### Task statement
Your reply should be the entries, output word for word, with each picture omitted.

=====

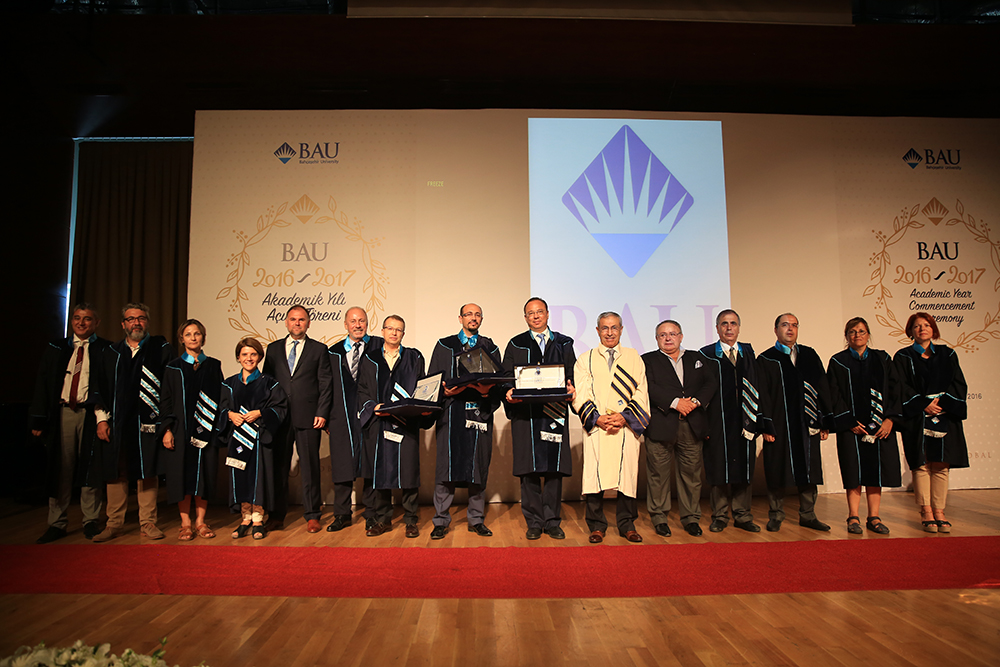BAU 2016 - 2017 Akademik Yılı Açılış Töreni 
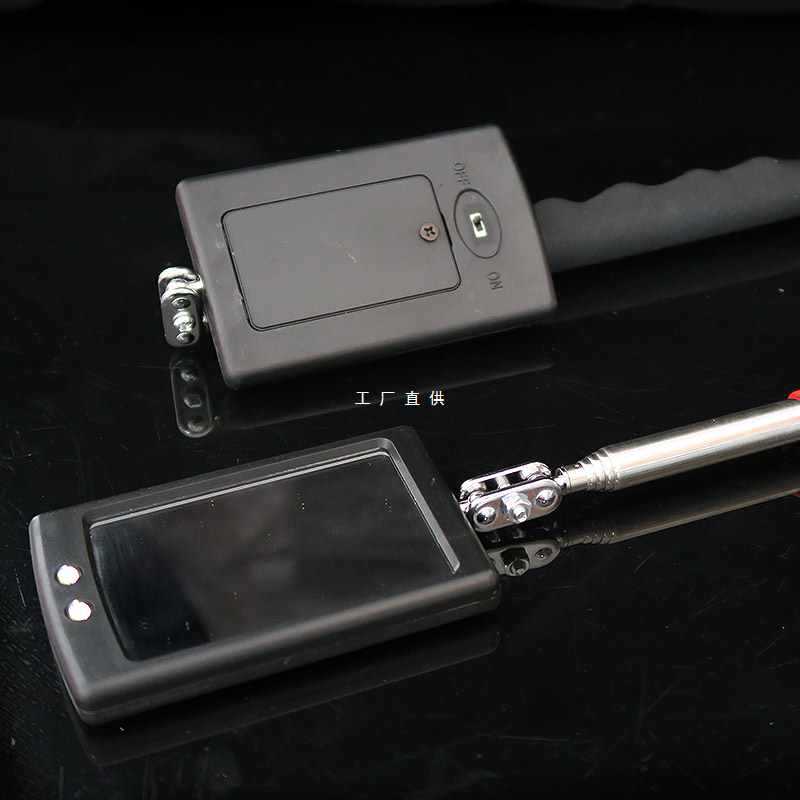 9YW万向折叠伸缩反光镜带灯大小号检测镜雷龙斗鱼镜船厂窥镜焊接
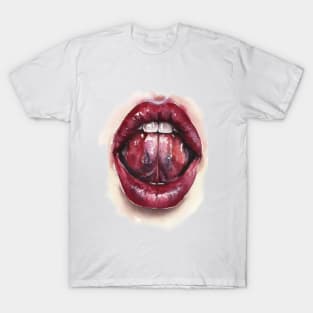 Tongue T-Shirt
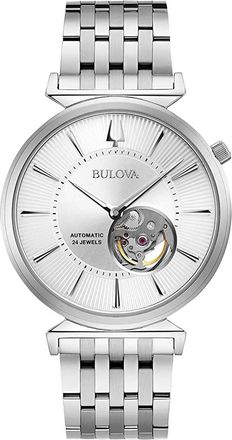 Bulova Mens Silver dial Watch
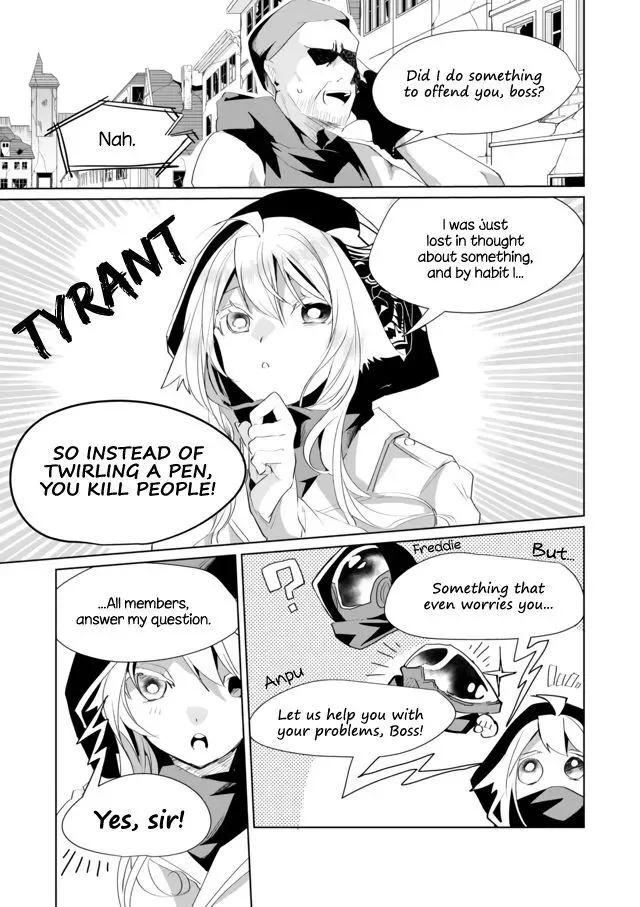Nekomusume Shoukougun Chapter 38 page 3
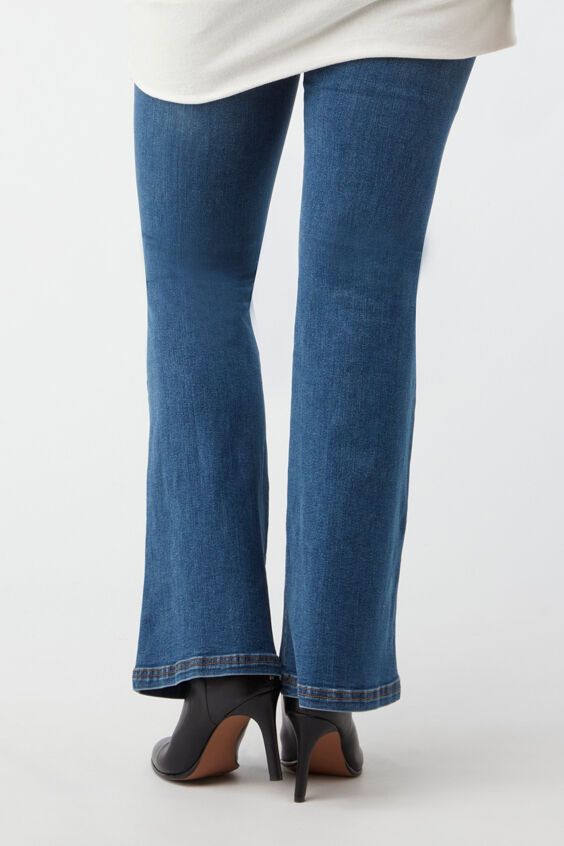 Flared tregging POPPY image number 5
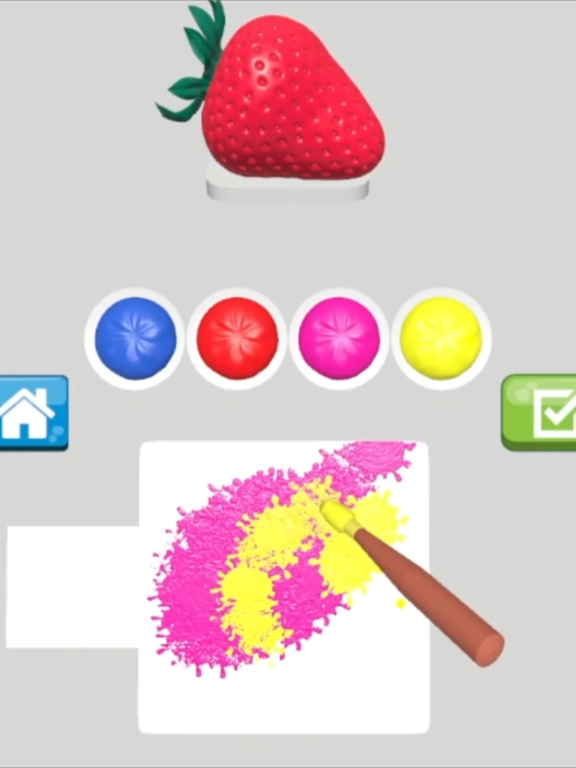 Coloring Match iPad Capturas de pantalla
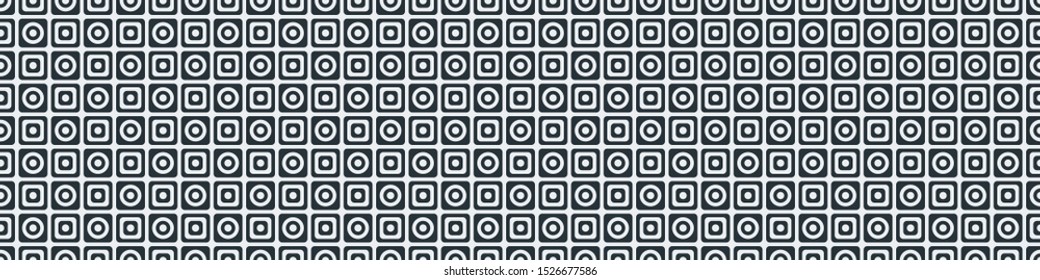 Truchet Motif Pattern Generative Tile Art background illustration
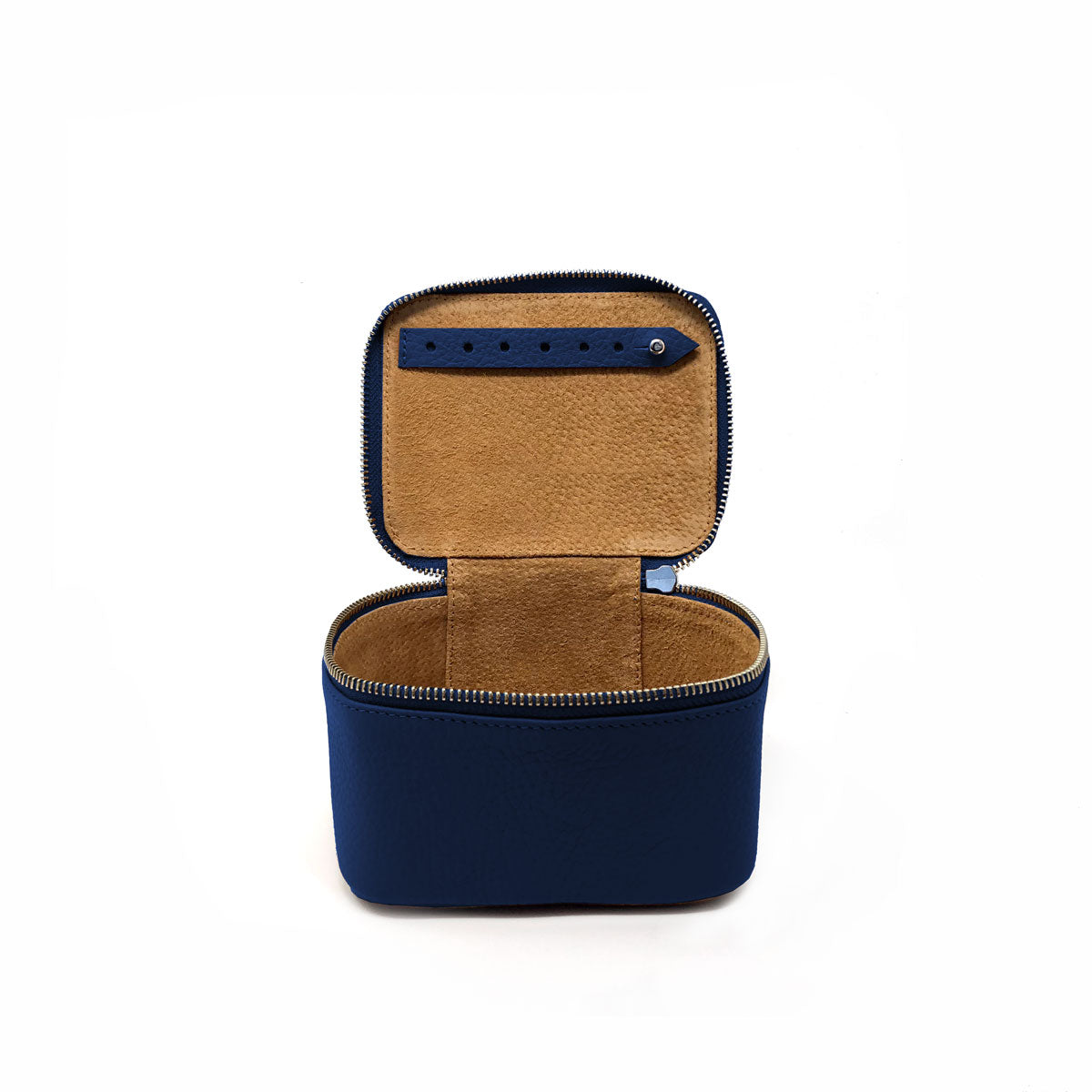 Capri Jewelry Case Small Blue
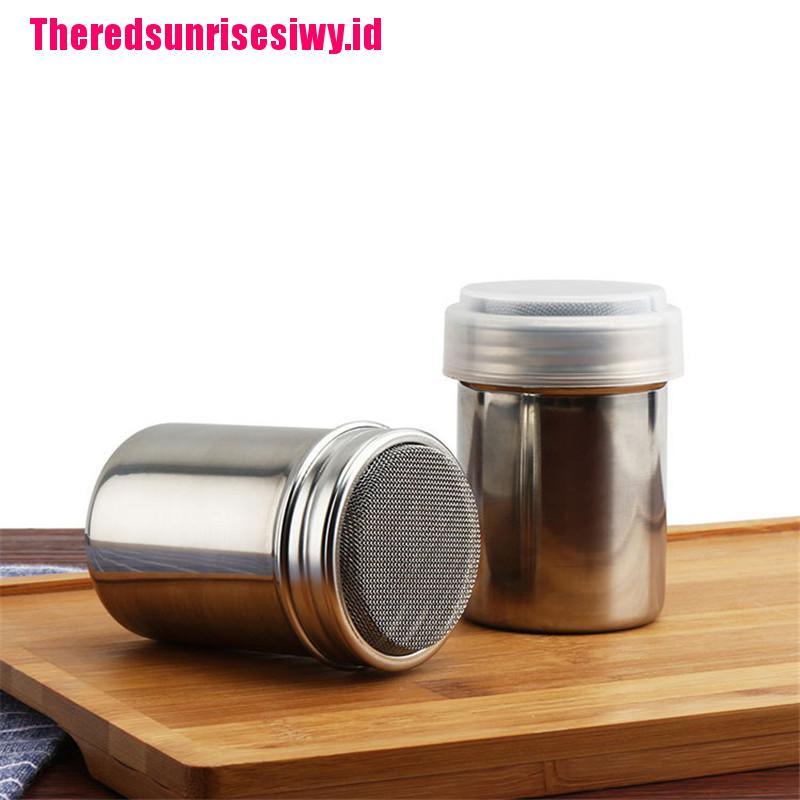 Shaker Ayakan Tepung / Coklat / Gula Icing / Kopi Bahan Stainless Steel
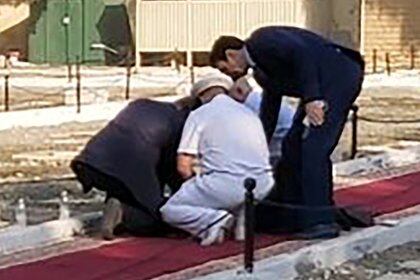 Arabia Saudita: estalló una bomba durante una ceremonia con diplomáticos europeos en un cementerio no musulmán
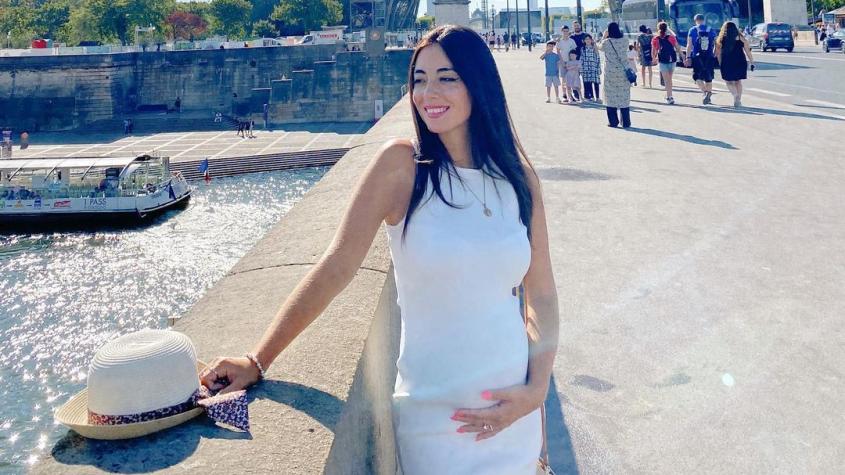 Vanessa Aguilera desclasifica sus primeros 3 meses de embarazo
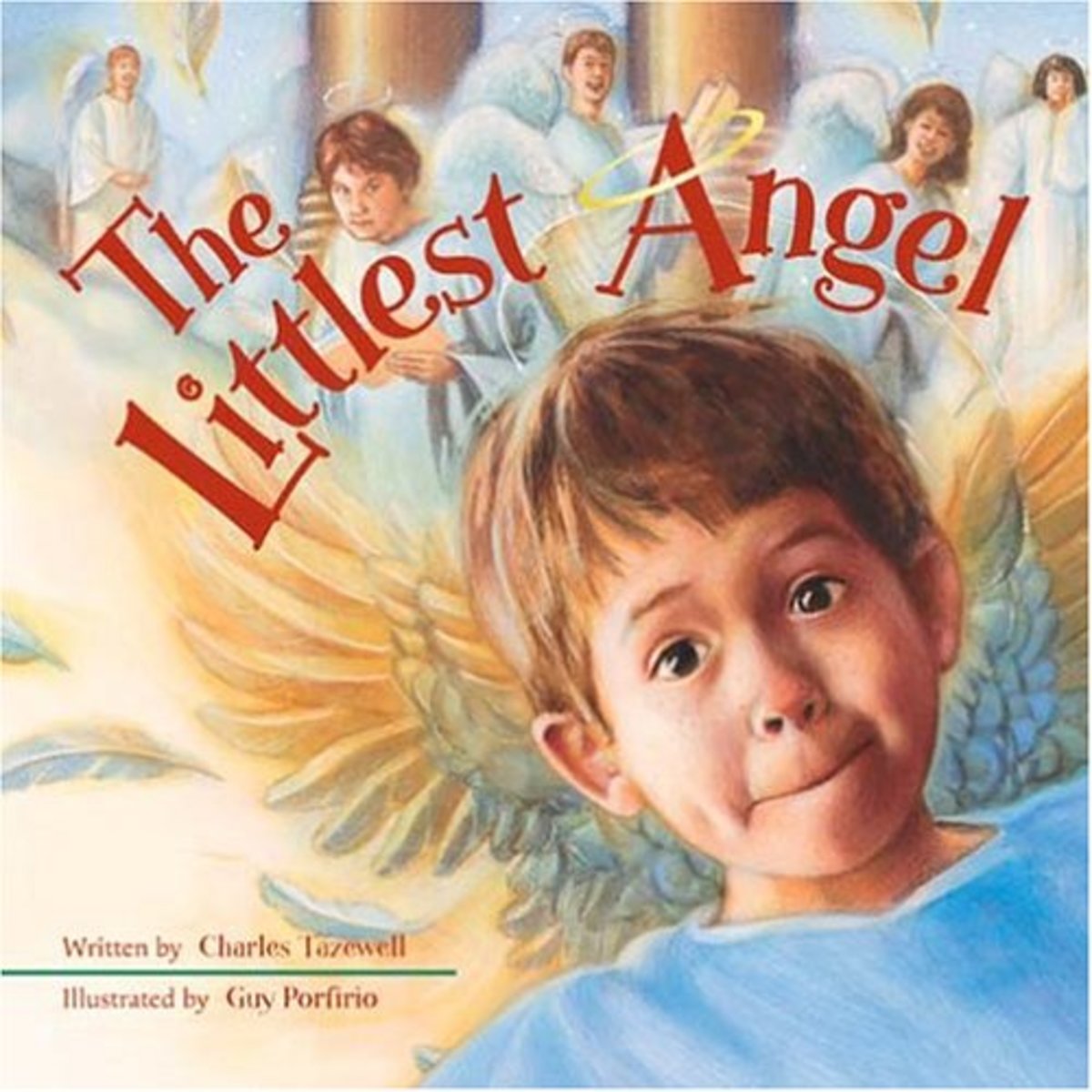 《最小的天使》2004年盖伊·波菲里奥版，理想出版社＂decoding=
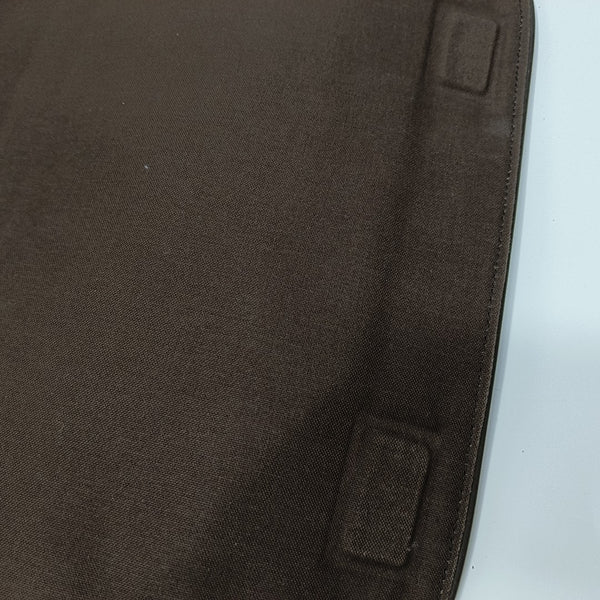 SPENCER Damier Ebene Coated Canvas Brown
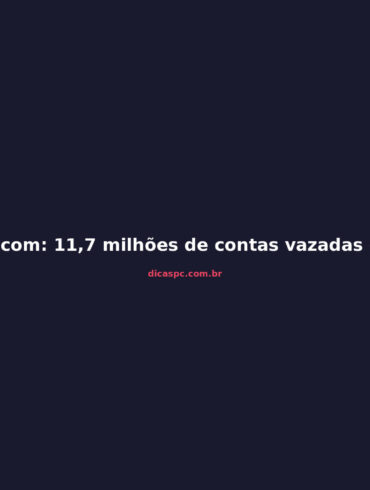 Capcom: 11,7 milhões de contas vazadas — o que você precisa saber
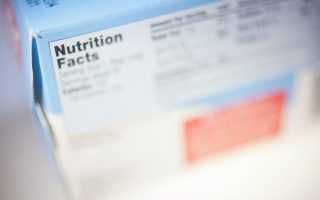 Nutritional facts labels are quietly disappearing from products.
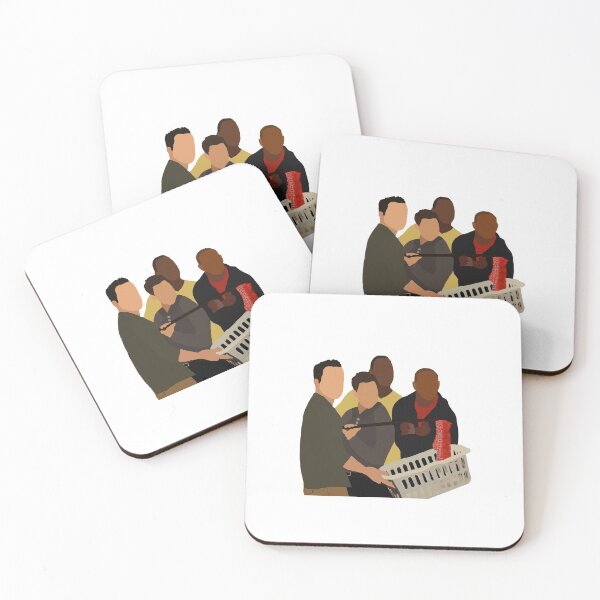 Item preview, New Girl Nick, Schmidt, Winston, Coach designed and sold by Erin Shammo.
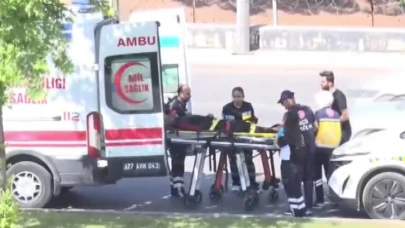 Zincirleme servis kazası! 4 Yaralı
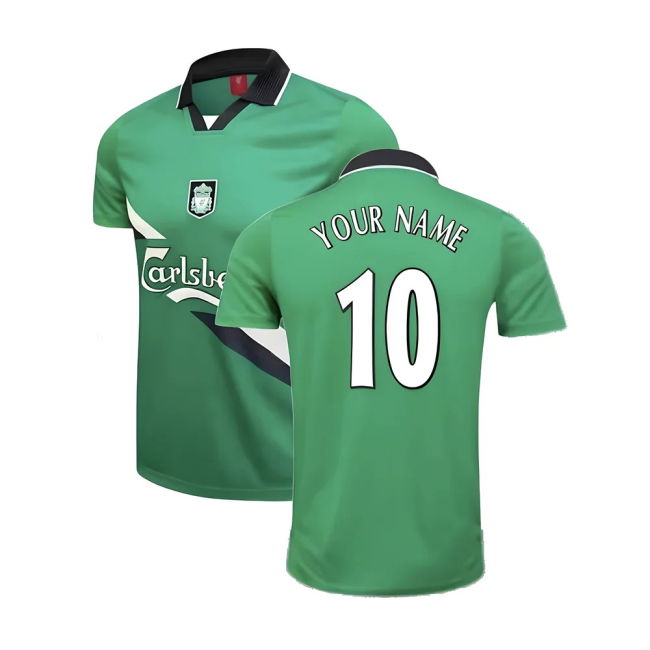 Classic 1999-2000 Liverpool Professional Away - True To Size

=====

### Answer to the problem
BAU 2016 - 2017 Akademik Yılı Açılış Töreni 
 9YW万向折叠伸缩反光镜带灯大小号检测镜雷龙斗鱼镜船厂窥镜焊接
 Tongue T-Shirt
 Bulova Mens Silver dial Watch
Nekomusume Shoukougun Chapter 38 page 3
 Flared tregging POPPY image number 5
 Coloring Match iPad Capturas de pantalla
 Truchet Motif Pattern Generative Tile Art background illustration
 Capri Jewelry Case Small Blue
 Shaker Ayakan Tepung / Coklat / Gula Icing / Kopi Bahan Stainless Steel
 Arabia Saudita: estalló una bomba durante una ceremonia con diplomáticos europeos en un cementerio no musulmán
 Vanessa Aguilera desclasifica sus primeros 3 meses de embarazo
 《最小的天使》2004年盖伊·波菲里奥版，理想出版社＂decoding=
 SPENCER Damier Ebene Coated Canvas Brown
 Capcom: 11,7 milhões de contas vazadas — o que você precisa saber
 Nutritional facts labels are quietly disappearing from products.
 Item preview, New Girl Nick, Schmidt, Winston, Coach designed and sold by Erin Shammo.
 Zincirleme servis kazası! 4 Yaralı
 Classic 1999-2000 Liverpool Professional Away - True To Size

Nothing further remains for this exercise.